I’m not an expert in optimization, and most importantly I don’t have any real-world benchmarks to support this post, so please take it with a pinch of salt. That said, let’s dive into what optimizations are available in LINQ to Objects.

What do we mean by optimization?

Just as we think of refactoring as changing the internal structure of code without changing its externally visible behaviour, optimization is the art/craft/science/voodoo of changing the performance of code without changing its externally visible behaviour. Sort of.

This requires two definitions: "performance" and "externally visible behaviour". Neither are as simple as they sound. In almost all cases, performance is a trade-off, whether in speed vs memory, throughput vs latency, big-O complexity vs the factors within that complexity bound, and best case vs worst case.

In LINQ to Objects the "best case vs worst case" is the balance which we need to consider most often: in the cases where we can make a saving, how significant is that saving? How much does it cost in every case to make a saving some of the time? How often do we actually take the fast path?

Externally visible behaviour is even harder to pin down, because we definitely don’t mean all externally visible behaviour. Almost all the optimizations in Edulinq are visible if you work hard enough – indeed, that’s how I have unit tests for them. I can test that Count() uses the Count property of an ICollection<T> instead of iterating over it by creating an ICollection<T> implementation which works with Count but throws an exception if you try to iterate over it. I don’t think we care about that sort of change to externally visible behaviour.

What we really mean is, "If we use the code in a sensible way, will we get the same results with the optimized code as we would without the optimization?" Much better. Nothing woolly about the term "sensible" at all, is there? More realistically, we could talk about a system where every type adheres to the contracts of every interface it implements – that would at least get rid of the examples used for unit testing. Still, even the performance of a system is externally visible… it’s easy to tell the difference between an implementation of Count() which is optimized and one which isn’t, if you’ve got a list of 10 million items.

How can we optimize in LINQ to Objects?

Effectively we have one technique for significant optimization in LINQ to Objects: finding out that a sequence implements a more capable interface than IEnumerable<T>, and then using that interface. (Or in the case of my optimization for HashSet<T> and Contains, using a concrete type in the same way.) Count() is the most obvious example of this: if the sequence implements ICollection or ICollection<T>, then we can use the Count property on that interface and we’re done. No need to iterate at all.
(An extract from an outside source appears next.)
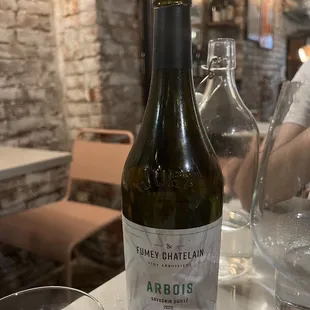 a bottle of wine on a table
These are generally good optimizations because they allow us to transform an O(n) computation into an O(1) computation. That’s a pretty big win when it’s applicable, and the cost of checking is reasonably small. So long as we hit the right type once every so often – and particularly if in those cases the sequences are long – then it’s a net gain. The performance characteristics are likely to be reasonably fixed here for any one program – it’s not like we’ll sometimes win and sometimes lose for a specific query… it’s that for some queries we win and some we won’t. If we were micro-optimizing, we might want a way of calling a "non-optimized" version which didn’t even bother trying the optimization, because we know it will always fail. I would regard such an approach as a colossal waste of effort in the majority of cases.

Some optimizations are slightly less obvious, particularly because they don’t offer a change in the big-O complexity, but can still make a significant difference. Take ToArray, for example. If we know the sequence is an IList<T> we can construct an array of exactly the right size and ask the list to copy the elements into it. Chances are that copy can be very efficient indeed, basically copying a whole block of bits from one place to another – and we know we won’t need any resizing. Compare that with building up a buffer, resizing periodically including copying all the elements we’ve already discovered. Every part of that process is going to be slower, but they’re both O(n) operations really. This is a good example of where big-O notation doesn’t tell the whole story. Again, the optimization is almost certainly a good one to make.

Then there are distinctly dodgy optimizations which can make a difference, but are unlikely to apply. My optimization for ElementAt and ElementAtOrDefault comes into play here. It’s fine to check whether an object implements IList<T>, and use the indexer if so. That’s an obvious win. But I have an extra optimization to exit quickly if we can find out that the given index is out of the bounds of the sequence. Unfortunately that optimization is only useful when:

  • The sequence implements ICollection<T> or ICollection (but remember it has to implement IEnumerable<T> – there aren’t many collections implementing only the non-generic ICollection, but the generic IEnumerable<T>)
  • The sequence doesn’t implement IList<T> (which gets rid of almost all implementations of ICollection<T>)
  • The given index is actually greater than or equal to the size of the collection

All that comes at the cost of a couple of type checks… not a great cost, and we do potentially save an O(n) check for being given an index out of the bounds of the collection… but how often are we really going to make that win? This is where I’d love to have something like Dapper, but applied to LINQ to Objects and running in a significant number of real-world projects, just logging in as light a way as possible how often we win, how often we lose, and how big the benefit is.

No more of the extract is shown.